Ne var ki MEB, Ücretli Öğretmenlik Uygulamasını bir tasarruf yöntemi olarak kullanmaktadır ve eğitim hizmetini ucuza mal etme yolu olarak görmektedir..
Okullardaki İŞ-KUR Temizlik işçisinden daha düşük ücretle çalıştırılan Ücretli Öğretmenlere İş-Kur çalışanlarına tanınan ekonomik ve sosyal haklar tanınmamaktadır.
1 Ücretli Öğretmenin aylık geliri, 1 Asgari Ücret bile etmemektedir.
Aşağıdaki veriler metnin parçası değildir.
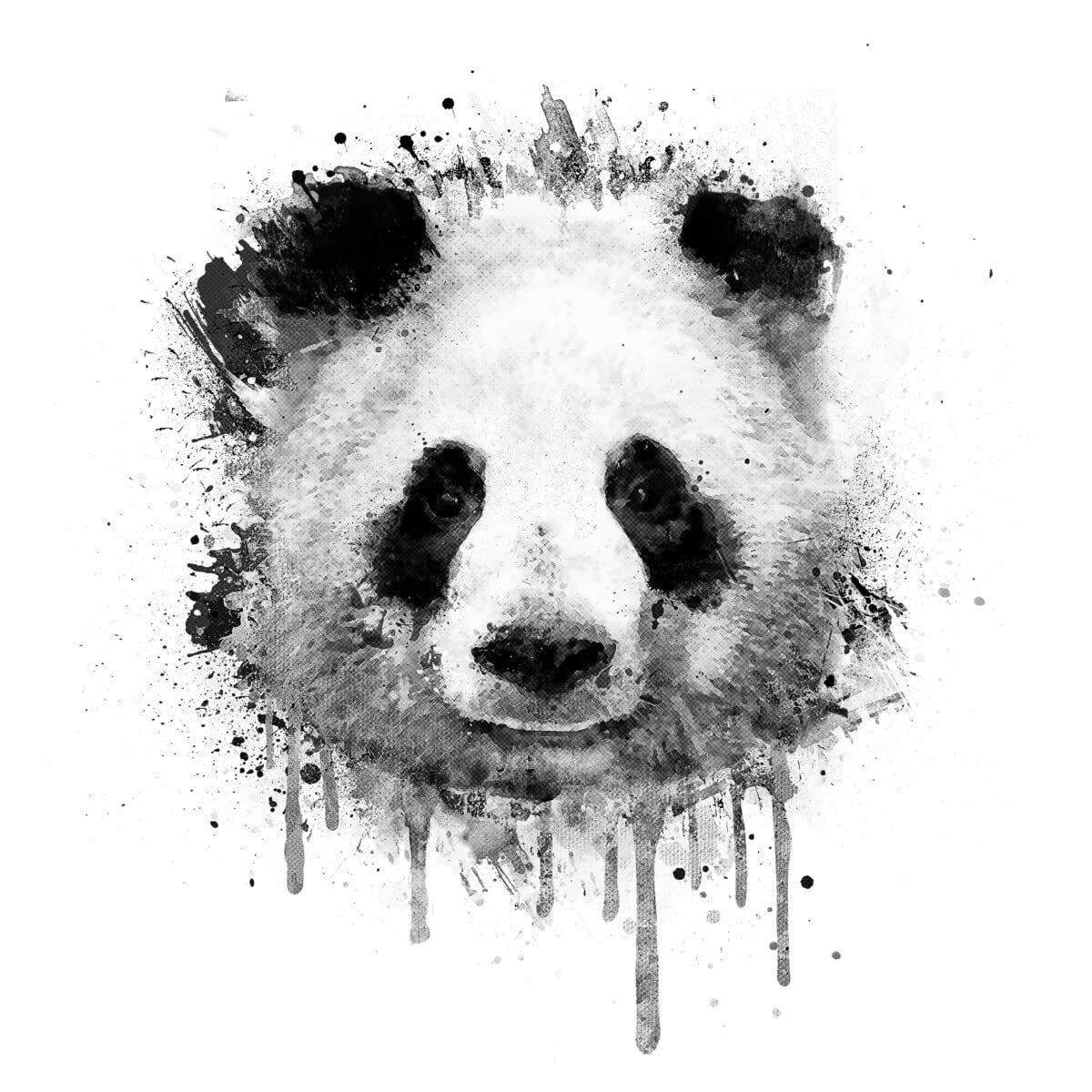 Badbugs Unisex Abstract Graffiti Watercolor Panda Hoodie - Black & White Pullover Sweatshirt for Men & Women | Streetwear Fashion, Casual Wear, Gift Idea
Ücretli Öğretmenlerin iş güvenceleri de bulunmamaktadır.
Öğretmen ihtiyacını sadece ek ders ücreti ve yarı zamanlı sigorta primi karşılığı ÜCRETLİ ÖĞRETMENLİK uygulamasıyla karşılamak; emek gaspıdır, kâr amacı gütmektir, özel sektör yolu izlemektir.
Öğretmen istihtam yöntemlerindeki bu yanlışlıklarla, eğitimde başarıyı yakalamak, hayalden öteye geçemez.
Bir eğitim sendikasının; valiliklerin resmi beyanlarından elde ettiği verilere göre, 71 ilde görevlendirilmiş olan ücretli öğretmen sayısı 66.780 olmuş.
Yine aynı veriler doğrultusunda 69 ildeki norm açığı da 91.484 olarak belirlenmiş.
Bu veriler gösteriyor ki öğretmen ihtiyacı, düşük maliyet zihniyetiyle giderilmeye çalışılmaktadır.
Valilik verilerindeki norm açığı, mülakata gerek duymaksızın, KPSS puanı esas alınarak, öğretmen ataması yapılarak giderilmelidir.
Ücretli Öğretmenlik Uygulaması ve öğretmen atamalarındaki Mülakat Uygulaması sonlandırılmalıdır.
Eğitimde başarıyı artırmanın yolu geçici çözümler değil, kalıcı çözümlerdir.
Eğitim günübirlik çözümlerden, günübirlik uygulamalardan ve politik hesaplardan uzak tutulmalıdır.
MEB, sorunun değil çözümün kaynağı olmalıdır, bir an önce 2024 Öğretmen Atama Takvimini yayınlamalıdır.